How to Implement a Linked List from Scratch

What is linked list implementation?

Think of a linked list not as a list, but as a train. Each car (node) holds your data and has a single coupling (a next pointer) that points to the next car. There's no central depot; the entire train is found by starting at the first car and following the couplings one by one. This is the core intuition for a singly linked list: a chain of independent nodes connected only by these forward pointers.
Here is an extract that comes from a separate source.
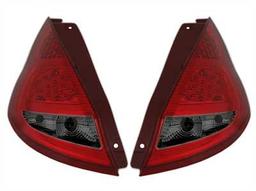 LED Baklampor Ford Fiesta MK7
This pointer-based chain is fundamentally different from an array's contiguous block of memory. An array is like a long row of houses—you know exactly where house #5 is by simple arithmetic. In a linked list train, you have to walk from the engine (the head) through each car to find the fifth one. That walk is traversal, and it's the price you pay for the list's flexible, dynamic size.

Interactive Lab: Array vs. Linked List Access

Watch how the computer finds Index 3 in both structures. Notice how the Linked List must visit every previous node to get there.

Array (Contiguous Memory) Ready
0
1
2
3
Linked List (Scattered Memory) Ready
0
1
2
3
Click "Find Index 3" to compare access methods.

A common beginner assumption is that linked lists are universally "faster" than arrays because inserting or deleting feels like a simple pointer change. This is often wrong for real-world performance. The overhead of those extra pointers (memory) and the cost of chasing scattered memory addresses (time) usually makes arrays faster for most access patterns.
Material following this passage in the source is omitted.